In William Faulkner: The Making of a Modernist, Daniel J. Singal, a professor of history at Hobart and William Smith Colleges, remarks that “intellectual historians have almost invariably steered clear” of Faulkner with the effect that “one subject remains largely unexplored—the structure and nature of his thought.”1 This will come as a surprise to Faulkner’s bibliographers, who are inundated each year with fresh historical, critical, textual, and biographical studies galore. Faulkner is very probably the most extensively analyzed and most frequently criticized of American writers. Practically every scrap of his literary expression has been subjected to repeated interpretation. But it is the case that most of the criticism of Faulkner has been produced by students of literature rather than of history. The boundary of these disciplines having been blurred, however, novels are now, for better or worse, the historian’s domain and history the literary critic’s. Mr. Singal therefore intends to relate Faulkner’s work “to the cultural and intellectual discourse of the era”—a project that necessarily involves, I should imagine, the novelist’s relationship to the modernist movement in all its salient forms.

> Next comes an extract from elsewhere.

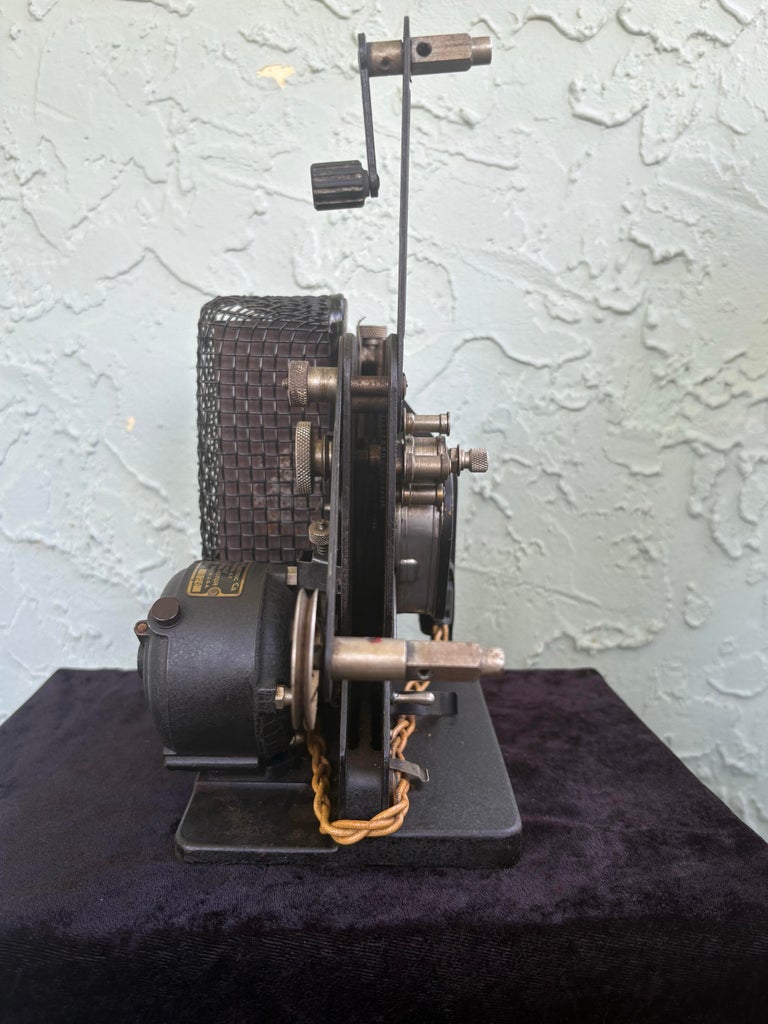 1920s Eastman Kodak Kodascope Model C 16mm Silent Film Projector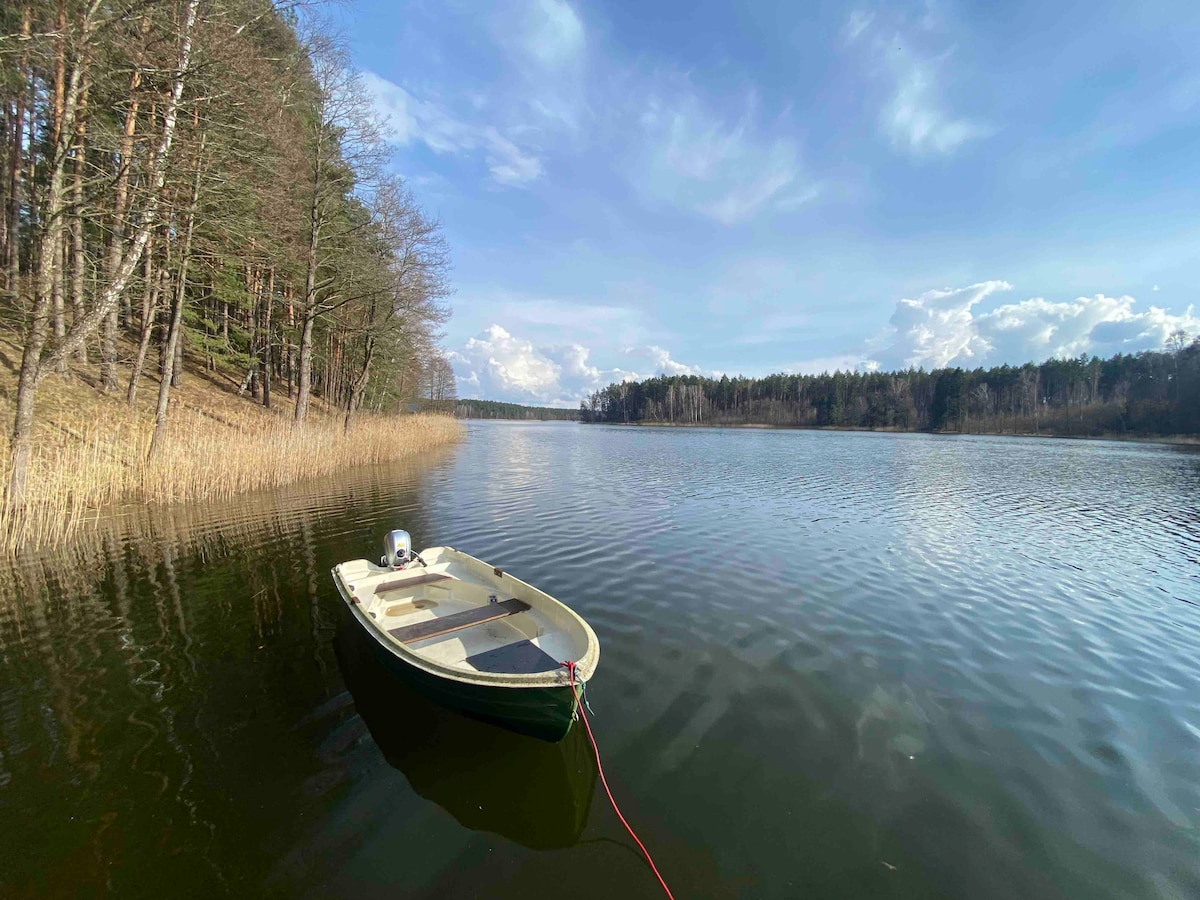 Blockhaus im Baltikum / Litauen im Wald am See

In offering to trace this relationship, Mr. Singal provides an introductory chapter defining the cultural and intellectual temper of the Victorian era. He then turns to the era of aesthetic modernism and defines its typical characteristics, as abstracted from some of the major modernist works of the early twentieth century. The balance of the book is a series of chapters devoted to Faulkner himself: his family origins in Oxford, Mississippi—particularly the importance of his great-grandfather, Colonel W. C. Falkner, author of The White Rose of Memphis and an embodiment of the flamboyant “Cavalier” sensibility of the old South; Faulkner’s World War I experience and its aftermath; the fin-de-siècle character of his literary apprenticeship; his eventual discovery of “Yoknapatawpha County” as an adequate field of fictional invention, a discovery brilliantly justified in that modernist masterwork The Sound and the Fury (1929); his rejection of the Cavalier myth, or the illusion of a Southern aristocracy, as he struggled to achieve a “modernist identity,” a struggle that culminated in the pivotal work Light in August (1932); the growing mastery of Faulkner’s historical understanding, as it was reflected in Absalom, Absalom! (1936); and Faulkner’s slow artistic decline, beginning with Go Down, Moses (1942), culminating in his death in 1962.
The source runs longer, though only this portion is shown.